ABOUT THIS TASK: Output the entries below exactly as written, omitting pictures.

(Stored entries)
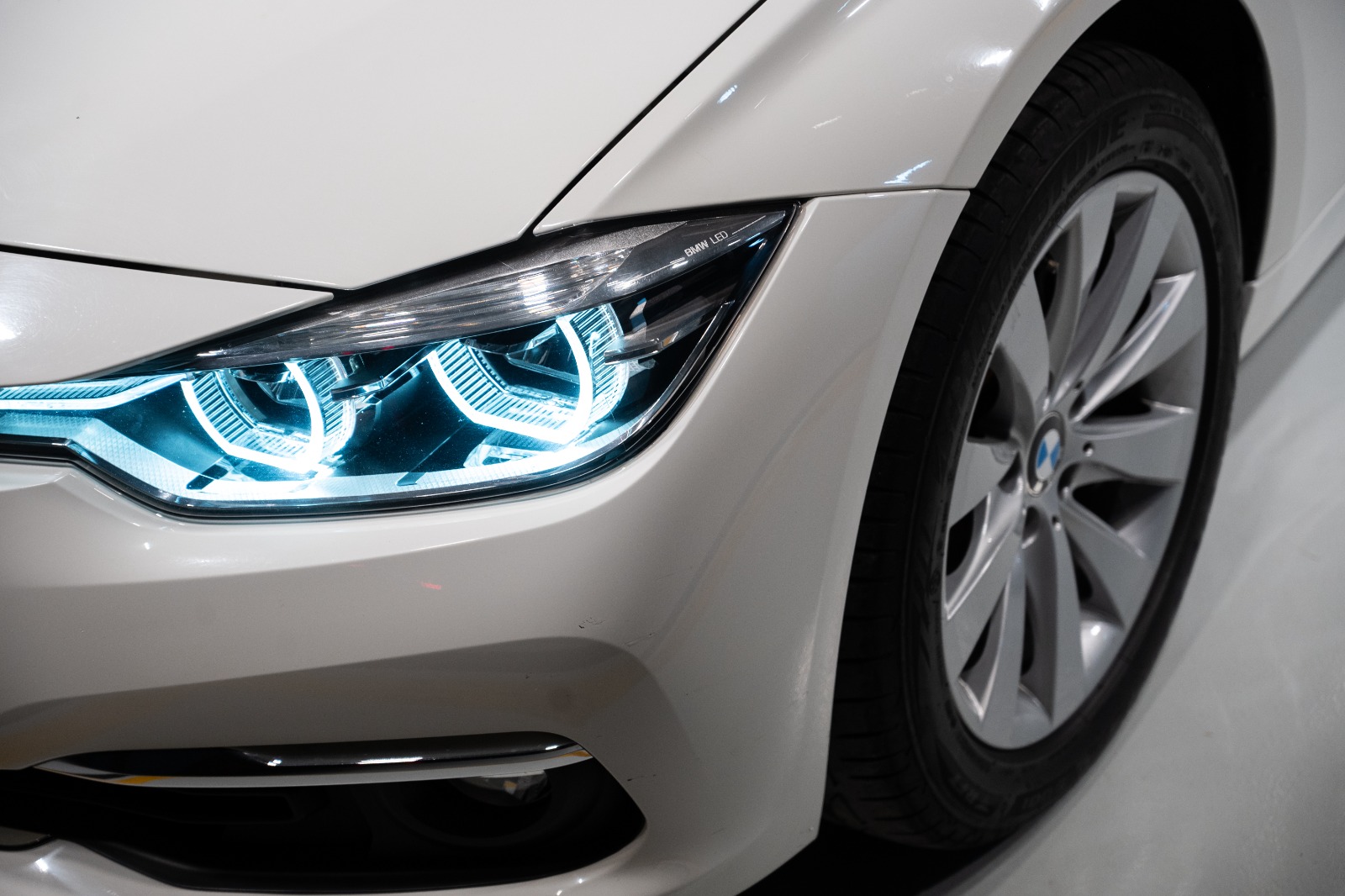 BMW 318i Luxury 2018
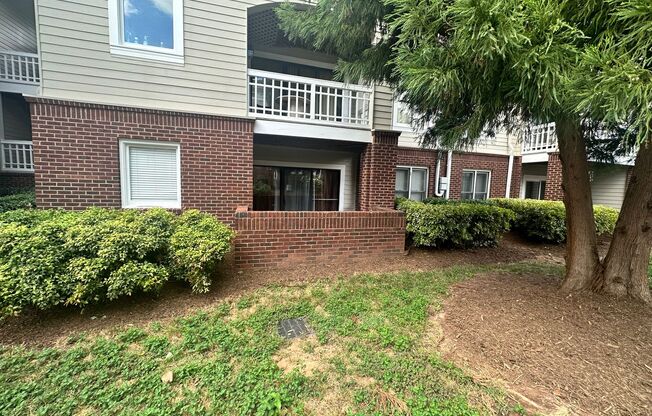 Adorable 2 Bedroom Condo!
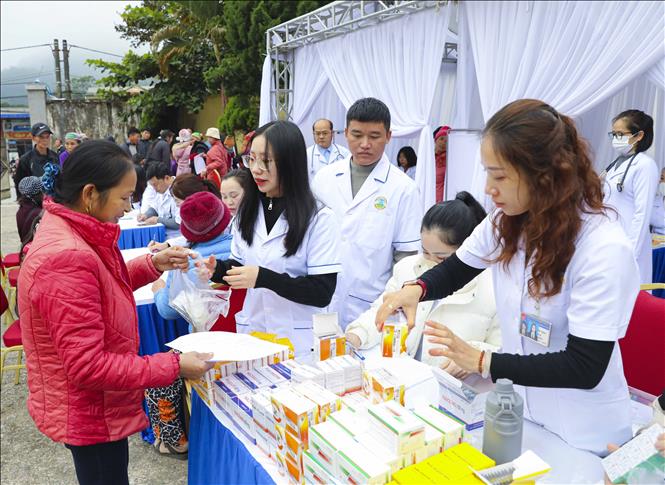 Cấp phát thuốc miễn phí cho đồng bào vùng cao. Ảnh: Xuân Tư – TTXVN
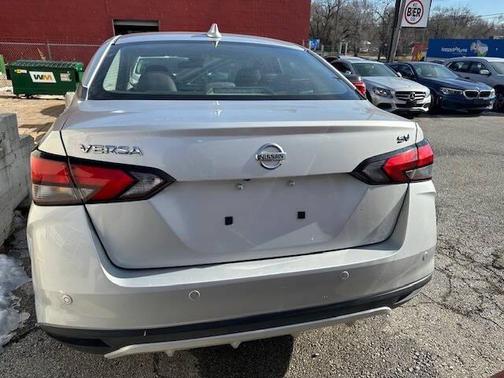 2021 Nissan Versa 1.6 SV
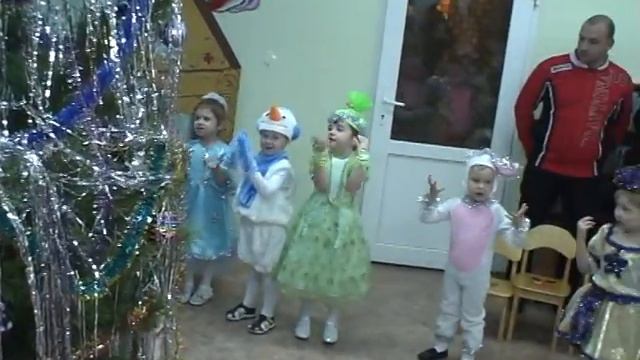 20081226 НГ в СКАЗКЕ 0905 Маленькой ёлочке_ смотреть онлайн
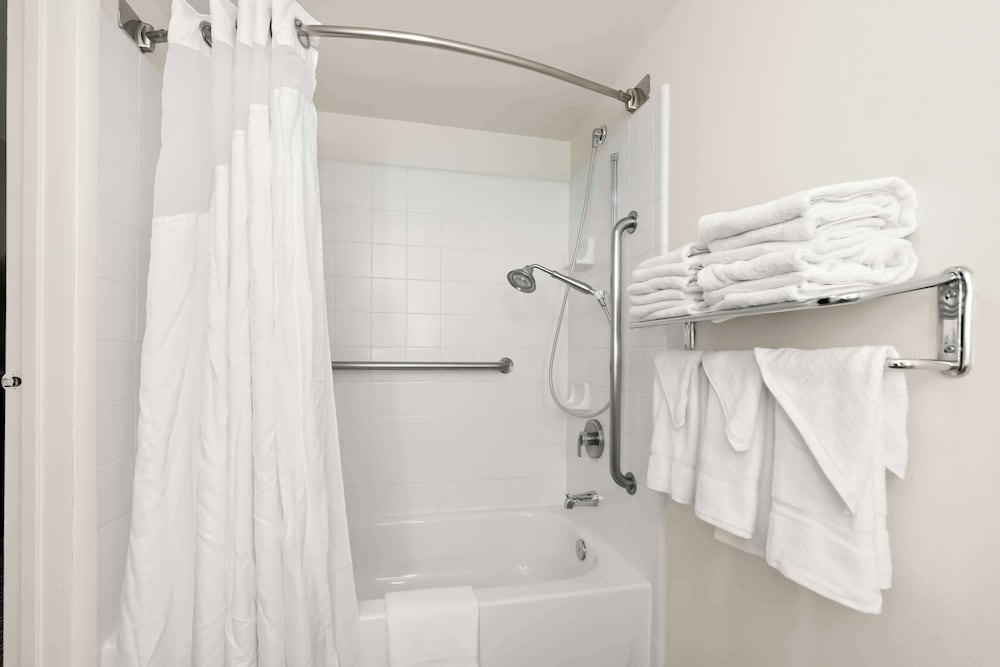 Sonesta Essential Atlantic City West 78/78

SOLVED EXERCISE:
 BMW 318i Luxury 2018
 Adorable 2 Bedroom Condo!
 Cấp phát thuốc miễn phí cho đồng bào vùng cao. Ảnh: Xuân Tư – TTXVN
 2021 Nissan Versa 1.6 SV
 20081226 НГ в СКАЗКЕ 0905 Маленькой ёлочке_ смотреть онлайн
 Sonesta Essential Atlantic City West 78/78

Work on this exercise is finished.